Marcia Gay Harden does a capable job here, and Taylor Handley is outstanding in a role with more obvious challenges. I was disappointed not to see more of Thomas Gibson (I guess the movie was promoted with the idea people would want to see a star from a popular show, but he wasn't that important in reality). In some scenes I noticed he had an Irish accent, which was distracting to me. I don't know if he had the accent in all his scenes.
Other fine performances came from Lauren Tom and Regina Taylor as therapists who discovered exactly what was wrong with Bobby and came up with ideas for solving his problems.
The movie's one big weakness, in my opinion, was the fact we saw little of Priscilla, though Mageina Tovah succeeded in a mere five seconds (in the present) in making her appear quite demented.

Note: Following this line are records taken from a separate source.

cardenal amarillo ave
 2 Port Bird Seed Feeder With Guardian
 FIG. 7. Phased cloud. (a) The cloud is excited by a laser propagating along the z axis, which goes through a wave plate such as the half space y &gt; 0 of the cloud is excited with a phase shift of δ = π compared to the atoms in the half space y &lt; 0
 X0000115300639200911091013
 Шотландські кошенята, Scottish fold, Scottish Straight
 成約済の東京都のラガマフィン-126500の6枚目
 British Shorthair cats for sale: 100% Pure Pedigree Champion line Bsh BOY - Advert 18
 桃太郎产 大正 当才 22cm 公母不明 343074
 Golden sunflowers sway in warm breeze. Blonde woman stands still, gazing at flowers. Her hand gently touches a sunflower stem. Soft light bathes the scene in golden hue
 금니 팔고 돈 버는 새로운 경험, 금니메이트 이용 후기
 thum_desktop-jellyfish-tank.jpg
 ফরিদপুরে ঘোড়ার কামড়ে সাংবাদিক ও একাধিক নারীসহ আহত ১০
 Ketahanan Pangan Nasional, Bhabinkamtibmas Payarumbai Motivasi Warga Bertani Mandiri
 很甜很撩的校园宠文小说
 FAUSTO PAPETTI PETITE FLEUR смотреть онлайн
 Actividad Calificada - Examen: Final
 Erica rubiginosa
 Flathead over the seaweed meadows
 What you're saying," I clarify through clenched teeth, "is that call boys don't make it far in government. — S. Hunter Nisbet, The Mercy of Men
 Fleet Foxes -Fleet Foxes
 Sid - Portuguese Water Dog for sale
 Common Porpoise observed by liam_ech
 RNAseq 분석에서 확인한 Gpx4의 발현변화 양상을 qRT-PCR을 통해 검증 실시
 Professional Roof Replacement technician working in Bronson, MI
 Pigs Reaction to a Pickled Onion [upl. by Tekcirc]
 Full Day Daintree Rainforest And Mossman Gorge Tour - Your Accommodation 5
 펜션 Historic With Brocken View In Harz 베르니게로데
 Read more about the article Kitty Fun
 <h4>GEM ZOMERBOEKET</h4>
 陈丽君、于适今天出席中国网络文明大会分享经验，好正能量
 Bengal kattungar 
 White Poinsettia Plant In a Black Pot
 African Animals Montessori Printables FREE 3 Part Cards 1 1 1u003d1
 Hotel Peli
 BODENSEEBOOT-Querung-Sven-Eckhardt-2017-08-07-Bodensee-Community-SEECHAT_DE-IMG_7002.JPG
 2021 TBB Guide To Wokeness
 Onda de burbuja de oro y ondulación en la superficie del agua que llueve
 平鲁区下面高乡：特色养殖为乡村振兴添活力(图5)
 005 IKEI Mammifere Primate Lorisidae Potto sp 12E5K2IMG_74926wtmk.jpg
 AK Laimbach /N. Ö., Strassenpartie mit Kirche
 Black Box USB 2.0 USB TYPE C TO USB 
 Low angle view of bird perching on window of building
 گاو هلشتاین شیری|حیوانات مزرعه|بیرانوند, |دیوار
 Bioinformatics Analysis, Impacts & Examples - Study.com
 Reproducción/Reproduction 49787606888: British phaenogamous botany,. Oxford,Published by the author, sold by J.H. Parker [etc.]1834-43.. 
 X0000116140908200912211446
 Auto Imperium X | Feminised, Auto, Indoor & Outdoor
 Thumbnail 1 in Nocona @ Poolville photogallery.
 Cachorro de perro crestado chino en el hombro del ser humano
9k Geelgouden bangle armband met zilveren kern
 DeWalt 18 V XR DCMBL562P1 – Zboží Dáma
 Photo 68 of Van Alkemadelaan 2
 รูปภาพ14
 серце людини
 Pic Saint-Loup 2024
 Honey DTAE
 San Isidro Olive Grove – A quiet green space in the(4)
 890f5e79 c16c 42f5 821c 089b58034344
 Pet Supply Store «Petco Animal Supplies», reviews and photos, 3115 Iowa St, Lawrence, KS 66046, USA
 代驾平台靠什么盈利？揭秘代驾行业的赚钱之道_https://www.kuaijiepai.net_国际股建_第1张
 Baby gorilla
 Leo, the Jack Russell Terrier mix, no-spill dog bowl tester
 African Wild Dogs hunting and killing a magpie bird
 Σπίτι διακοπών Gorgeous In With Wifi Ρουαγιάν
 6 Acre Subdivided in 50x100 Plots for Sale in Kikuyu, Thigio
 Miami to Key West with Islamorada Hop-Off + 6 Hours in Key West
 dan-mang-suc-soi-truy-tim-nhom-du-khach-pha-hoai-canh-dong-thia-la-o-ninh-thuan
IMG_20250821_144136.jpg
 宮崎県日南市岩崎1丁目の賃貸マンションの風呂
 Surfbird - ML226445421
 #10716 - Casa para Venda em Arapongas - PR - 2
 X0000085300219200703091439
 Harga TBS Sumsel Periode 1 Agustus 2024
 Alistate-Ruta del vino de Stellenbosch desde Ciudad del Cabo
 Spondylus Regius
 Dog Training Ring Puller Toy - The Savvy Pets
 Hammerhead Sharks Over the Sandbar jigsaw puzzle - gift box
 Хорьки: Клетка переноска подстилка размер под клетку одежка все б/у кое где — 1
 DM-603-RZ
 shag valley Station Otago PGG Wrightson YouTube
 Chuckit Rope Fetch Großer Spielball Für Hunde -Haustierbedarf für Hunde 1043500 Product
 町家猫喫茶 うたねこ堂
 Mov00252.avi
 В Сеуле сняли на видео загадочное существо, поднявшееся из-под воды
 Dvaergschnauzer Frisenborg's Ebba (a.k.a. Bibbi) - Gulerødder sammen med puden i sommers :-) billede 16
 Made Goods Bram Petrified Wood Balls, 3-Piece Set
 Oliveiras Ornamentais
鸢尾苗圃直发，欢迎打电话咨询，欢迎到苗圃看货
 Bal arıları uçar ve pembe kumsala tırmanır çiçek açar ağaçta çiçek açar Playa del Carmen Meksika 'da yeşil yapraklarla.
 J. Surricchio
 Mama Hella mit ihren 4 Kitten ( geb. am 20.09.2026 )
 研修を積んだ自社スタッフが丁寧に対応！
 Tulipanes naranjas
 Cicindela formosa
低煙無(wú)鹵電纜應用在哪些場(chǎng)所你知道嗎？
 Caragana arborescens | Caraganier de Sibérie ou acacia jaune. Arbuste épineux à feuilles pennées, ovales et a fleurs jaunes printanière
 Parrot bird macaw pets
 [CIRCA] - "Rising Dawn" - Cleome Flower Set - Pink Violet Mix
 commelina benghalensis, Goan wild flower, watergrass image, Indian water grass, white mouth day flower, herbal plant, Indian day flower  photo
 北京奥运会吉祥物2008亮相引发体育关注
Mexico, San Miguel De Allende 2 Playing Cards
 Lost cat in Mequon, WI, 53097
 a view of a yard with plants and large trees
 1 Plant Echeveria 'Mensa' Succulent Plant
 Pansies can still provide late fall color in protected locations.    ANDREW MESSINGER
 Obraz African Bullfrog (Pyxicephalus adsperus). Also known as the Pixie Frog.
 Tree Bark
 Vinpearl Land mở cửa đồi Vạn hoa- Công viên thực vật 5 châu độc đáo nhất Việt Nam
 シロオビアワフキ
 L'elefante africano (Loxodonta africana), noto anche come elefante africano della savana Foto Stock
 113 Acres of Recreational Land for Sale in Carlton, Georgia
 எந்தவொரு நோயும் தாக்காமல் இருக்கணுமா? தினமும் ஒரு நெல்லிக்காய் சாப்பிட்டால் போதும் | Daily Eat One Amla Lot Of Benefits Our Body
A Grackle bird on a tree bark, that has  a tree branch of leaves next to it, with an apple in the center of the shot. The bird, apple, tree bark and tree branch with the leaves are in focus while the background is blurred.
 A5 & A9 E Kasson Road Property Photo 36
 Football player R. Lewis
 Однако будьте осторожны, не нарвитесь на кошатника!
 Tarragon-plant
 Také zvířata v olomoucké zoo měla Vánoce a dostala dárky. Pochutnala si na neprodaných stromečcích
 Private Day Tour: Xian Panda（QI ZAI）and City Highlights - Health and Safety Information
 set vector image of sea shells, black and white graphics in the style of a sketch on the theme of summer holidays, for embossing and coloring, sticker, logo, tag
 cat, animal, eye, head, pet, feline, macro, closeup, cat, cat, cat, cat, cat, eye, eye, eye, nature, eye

She was shown more in flashbacks looking spaced-out as Bobby was taken from her, and behaving wildly later (as Bobby hid). Mackenzie Astin did an okay job as Rob in a later scene from the present where he appeared under control, but not really able to cope with a child. It may be just as well that we saw so little of the abuse, because we certainly saw its results.
Another weakness: we hear at one point that Vicki is a teacher, but we see very little evidence of this. I suppose one of the scenes was taking place in her school, but it was hard to tell.
Overall, this was worthy of the Hallmark Hall of Fame.